Ce qui se dessine, c'est que nous n'allons pas vaincre ce virus tout de suite, contrairement à ce qui avait pu être pensé au début de la pandémie.  Il faudra bien deux ans encore. Ou un an si les nouveaux traitements fonctionnent.

 

Ces nouveaux traitements seront ils plus efficaces que la vaccination ?
Trois d'entre eux ont fait la preuve de leur efficacité, préventive dans deux cas, et curative des formes à oxygène pour la troisième pilule. Ce qui ne veut pas dire qu'on pourrait en donner à tout le monde dès demain. Nous n'avons pas encore assez de recul sur le bénéfice/risque de ces nouveaux traitements et de leurs effets secondaires. Mais leur efficacité démontrée encourage à les administrer dès que possible sur les sujets à risque de formes graves. 

Il y a le Molnupiravir Lagevrio (Merck), un inhibiteur ribonucleosidique interférant donc dans la synthèse du génome viral et comme tel gênant sa replication et ritonavir Paxlovid (Pfizer) C’est un inhibiteur de la protéase virale qui clive un précurseur polypeptidique en protéine active. Il est associé à un produit connu comme actif contre le virus HIV le ritonavir qui est un inhibiteur de protéase également mais qui ici semble utilisé pour allonger la durée de vie de l’antivirus spécifique du Sars-Cov2. Le ritonavir lui-même n’est pas dénué d’effets secondaires.

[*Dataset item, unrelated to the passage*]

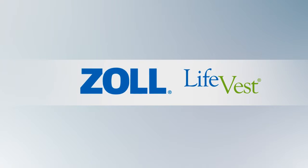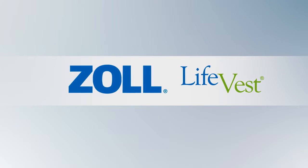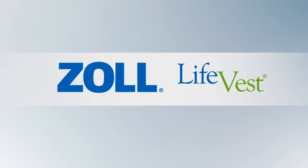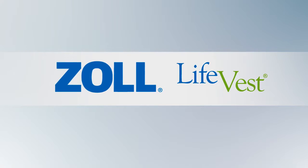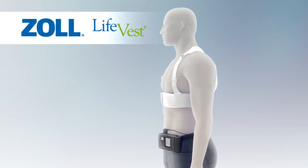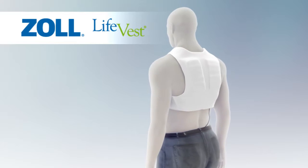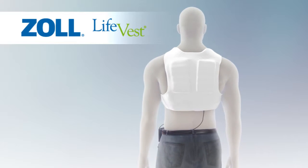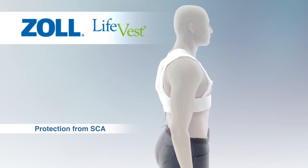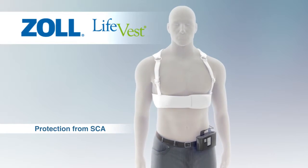The following video will provide a brief overview of the LifeVest wearable cardioverter defibrillator, and includes information that will be important for you to consider in the event that you encounter patients wearing the device. LifeVest is a wearable defibrillator that offers at-risk patients protection against sudden cardiac arrest. Unlike an implantable cardioverter defibrillator, the LifeVest is non-invasive and is worn outside the body rather than implanted inside the chest.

Dans les deux cas, il s’agit de simples comprimés à prendre deux fois par jour. L’efficacité revendiquée par le produit de Pfizer (89% d’évitement des formes graves) est légèrement supérieure à celle du produit de Merck, mais il s’agit d’un trompe l’œil car le produit Merck a été donné jusqu’à cinq jour après le début de l’infection dans son essai clinique tandis que le produit de Pfizer l’a été dans les trois premier jours seulement. L’utilisation réellement préventive n’est pas testée et ne peut l’être avant d’avoir assez de recul sur leurs effets secondaires.


Un troisième médicament qui est un produit curatif un peu inattendu : Festumatinib Tavalisse ( Rigel Pharmaceuticals). Il s’agit d’un produit développé pour bloquer la destruction des plaquettes sanguines dans la rate en visant une enzyme (SYK) des cellules spléniques spécialisées, comme traitement du purpura chronique auto-immun en limitant la thrombopénie. La surprise est que cet enzyme semble employé par les cellules immunes contribuant à la gravité du covid19. Son inhibition chez les patients requérant de l’oxygène leur éviterait la ventilation artificielle et accélérerait leur guérison. Le laboratoire producteur a demandé à la FDA des USA une autorisation de diffusion en ATU dès la fin d’une phase 2 d’un petit nombre de patients, ce que l’agence a refusé. Mais si les résultats initiaux spectaculaires sont confirmés sur un millier de patients en phase 3, le produit sera très vite largement utilisé.

D’autres produits d’autres firmes vont suivre. Et on peut espérer courant 2022 une situation de contrôle médicamenteux de l’épidémie. Dans l’épidémie de Covid 19, les vaccins ont permis des progrès initiaux significatifs. Et les médicaments qui vont arriver ont de bonnes chances de permettre de contrôler la Covid 19.